Amber Martens werkt aan complexe vraagstukken: hoe help je mensen die zorg mijden, overlast veroorzaken of voor onze samenleving ‘niet meer bestaan’? Als out-reachend hulpverlener werkt ze aan bijzondere cases, zoals die van ‘Bill’. Een 64-jarige man die in een vervallen bunker in de duinen van Hellevoetsluis leefde.

De man in de bunker

“Er zit iemand in een bunker in de duinen,” vertelde een cliënt aan mijn collega Willem. Hij had een man in een slaapzaak aangetroffen die daar al een tijdje leek te verblijven. Ook een boswachter maakte melding van de man, toen hij hem in het holst van de nacht tegenkwam tijdens het tellen van vleermuizen. Willem en ik gingen samen polshoogte nemen. Met een pakket van de voedselbank onder de arm liepen wij naar de bunker. We riepen dat we eten bij ons hadden en even later wurmde een oude man zich door een spleet naar buiten. De man, die we in dit verhaal Bill noemen, vertelde zijn verhaal.

Hoe het allemaal misging

Bill werkte 45 jaar in de haven. Na zijn ontslag kreeg hij een uitkering en verdiende zwart bij in een tuincentrum. Toen de gemeente daarachter kwam, werd hij op zijn uitkering gekort en kon hij zijn woning niet meer betalen. Bill was gescheiden en had geen contact meer met zijn kinderen. Gelukkig werd hij opgevangen door een vriend, die hem in zijn vakantiehuisje liet wonen. Dit ging goed, totdat zijn vriend overleed. Het huis werd verkocht en Bill stond opnieuw op straat. De daklozenopvang was niets voor hem. Hij verbleef liever in de duinen, dichtbij de natuur.
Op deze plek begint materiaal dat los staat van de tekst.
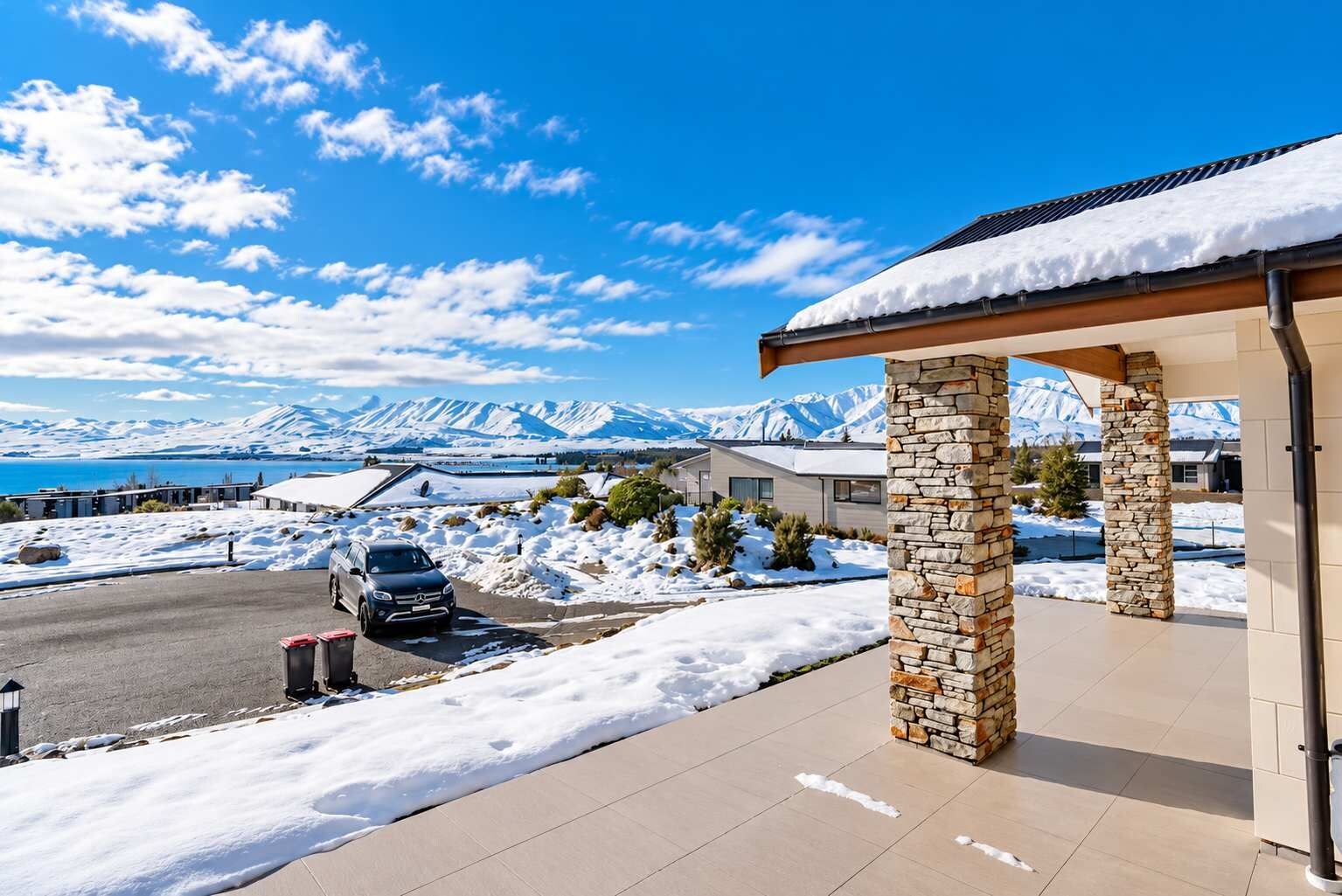 A modern building with stone pillars, a covered entrance, and a view of snow-covered mountains and a lake.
We vroegen Bill op kantoor langs te komen. Hij had geen klok, maar met behulp van de zonnestand wist hij op tijd voor het gesprek te verschijnen. Al maanden verzamelde Bill zwerfafval en ruimde de duinen op. “Zo doe ik iets terug voor de maatschappij,” vertelde hij. Een maatschappij voor wie Bill niet meer bestond: hij stond nergens meer geregistreerd en had geen paspoort. Hij wilde niet weg uit de duinen, maar aanvaardde wel hulp van de kleding- en voedselbank.

Na een tijdje vroeg Bill toch om hulp bij het vinden van een woning. Niet alleen de muizen hadden hem gevonden, maar ook mensen in het dorp wisten van zijn leefomstandigheden. Bill wilde weer ergens ‘normaal’ wonen en ging naar de opvang in Rotterdam.
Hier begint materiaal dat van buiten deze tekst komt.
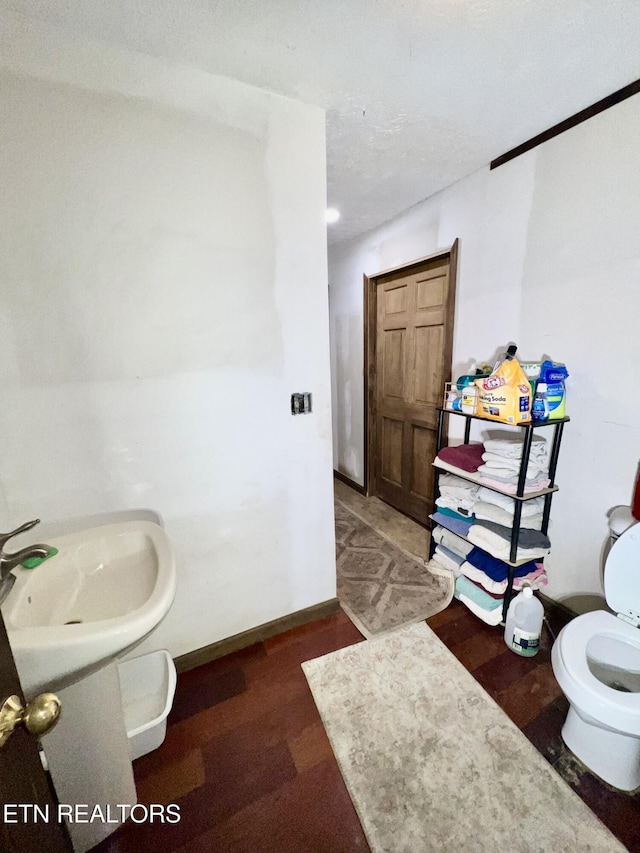 bathroom with hardwood / wood-style flooring and toilet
Van een bunker naar bejaardenwoning

De daklozenopvang is nu bezig om een woning voor Bill te regelen. We hebben een identiteitskaart en een daklozenuitkering aangevraagd. Binnenkort wordt hij 65 en krijgt hij pensioen. Met behulp van de gemeente proberen we hem in een ouderenwoning in Hellevoetsluis te plaatsen. Hij zal daar niet achter de geraniums gaan zitten, want Bill is graag bezig en is van plan mensen te helpen met het onderhouden van hun thuis of het plaatsen van een schutting.

Veel mensen reageren op dit soort verhalen met: “Dit kan toch niet in Nederland.” Maar Bill is niet de enige. Jaarlijks zien wij alleen in Hellevoetsluis al vijf á zes van dit soort situaties voorbijkomen. Het kost veel tijd en moeite, maar het is ook geweldig wanneer we deze mensen opnieuw onderdeel maken van onze samenleving.